Paris ticket prices have also come under fire, the most expensive costing 990 euros (just more than $1,000). Renowned for being brusque at the best of times, some locals have expressed concern about the colossal security operation these Games will entail, necessary because of the unprecedented opening ceremony.

Organizers initially wanted to host 600,000 riverside spectators, most of them free tickets. But this week, they announced that these plans have been drastically scaled back, with the number of spectators cut in half and the only freebies by invitation only.

Officials did not detail their reasoning, but France remains on high alert following a wave of terror attacks in 2015-16 and sporadic stabbings and shootings by lone Islamist attackers since then. Police have been open about the challenges of protecting a flotilla through a dense urban area as opposed to a regular event in a single venue. It’s an operation that will see 45,000 security gendarmes and agents deployed to land, sea and air around the city.

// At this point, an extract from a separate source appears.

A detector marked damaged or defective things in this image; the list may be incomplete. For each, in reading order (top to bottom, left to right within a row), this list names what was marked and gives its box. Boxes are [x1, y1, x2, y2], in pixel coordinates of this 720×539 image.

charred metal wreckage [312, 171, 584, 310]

NBC News asked Pierre-Olivier Beckers, chair of the International Olympic Committee Coordination Commission, whether any nations — namely the United States and Israel — have expressed concern about putting their athletes on these boats.

“This is something that is being discussed,” he said during the village tour. “Obviously, we take great care of listening to possible concerns. At the same time, we are reassuring all the delegations that every single step is taken to ensure security at the highest level.”

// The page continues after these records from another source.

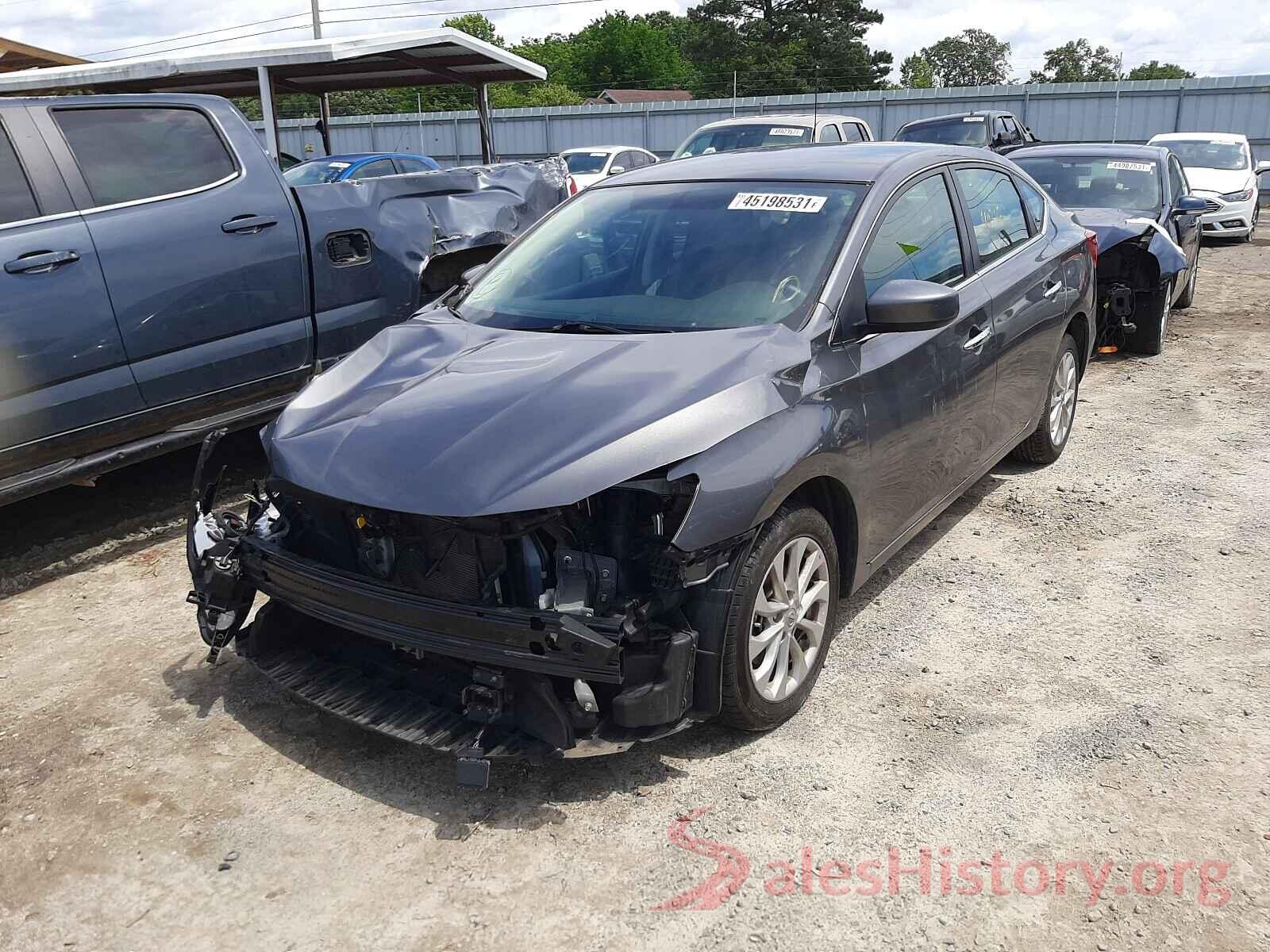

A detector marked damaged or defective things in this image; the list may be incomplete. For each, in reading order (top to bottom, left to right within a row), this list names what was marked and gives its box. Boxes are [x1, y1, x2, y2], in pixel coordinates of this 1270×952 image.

crumpled hood [1073, 206, 1194, 278]
crumpled hood [1181, 166, 1251, 195]
crumpled hood [264, 311, 810, 520]
damaged dark gray sedan [183, 140, 1099, 781]
crushed front end [183, 432, 740, 787]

The Olympics is billed as an apolitical event that rises above global divisions and conflicts, even during war in Ukraine and the Middle East. Critics say this is, at best, naive and, at worst, disingenuous, and that politics and sports have always existed in symbiosis.

The IOC is accused by human rights watchdogs of emboldening authoritarian regimes by allowing them to burnish their image as hosts: from 1936 Berlin to 2008 Beijing and 2014 Sochi. Last year, the committee announced to Kyiv’s fury that Russian and Belarussian athletes who have not publicly supported the war in Ukraine would be allowed to compete in Paris under a neutral flag.

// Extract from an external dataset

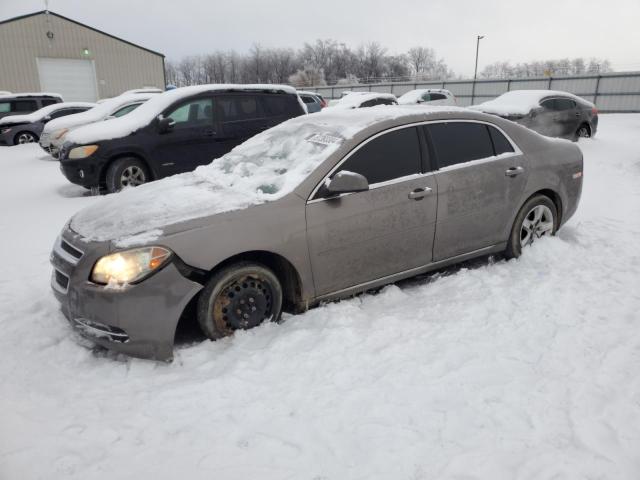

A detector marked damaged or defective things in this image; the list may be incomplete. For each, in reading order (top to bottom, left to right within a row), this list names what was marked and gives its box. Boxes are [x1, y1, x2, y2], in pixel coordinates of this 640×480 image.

rusty wheel rim [214, 274, 274, 334]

The IOC is also facing another adversary seemingly as ever-present as the Olympic flame itself.

Last summer, French police raided the country’s Olympic headquarters as part of a corruption investigation that prosecutors said was related to favoritism when awarding contracts. It was the third Summer Games in succession in which allegations of graft have disrupted the run-up.

Olympics Games Executive Director Christophe Dubi said in an interview at this headquarters that one of the lines of enquiry had been “dropped” but that the investigation was ongoing, without providing details.

“We cannot comment any further but what we are certain about is” that this has been “a very rigorous process that has been followed,” he said.

NBC News was at the sleek, wood-paneled head office for a glimpse inside the organizers’ final, pregames board meeting. Three dozen assorted Olympics bigwigs from around the world were gathered at a 50-foot oval table under bright lights.

Beckers, the IOC commission chair, gave a warm introduction before journalists were ushered out so that the real discussion could begin. “We are indeed at such an exciting point in the Games, turning the strategic vision into a reality,” he said.

The wider reality is that, amid fears about costs and local opposition, appetite for hosting these Games appears to be declining. Paris and Los Angeles were effectively handed their events unopposed because no other city submitted a final bid.

Still, Olympics chiefs are not contemplating failure.

“If this goes well—“ NBC News began to ask Hoevertsz, before she interjected: “No, it will go well.”

Past scare stories have been just that. The 2012 London Games was dominated by fears that the city would be overrun by riots that broke out the previous summer. Instead, the event was so widely successful that it has entered into the country’s modern folklore.

“I cannot wait for the Games to be here, and to have the stands filled with enthusiastic people cheering on people from all over the world,” Hoevertsz said. “Because that makes the Olympic Games so beautiful.”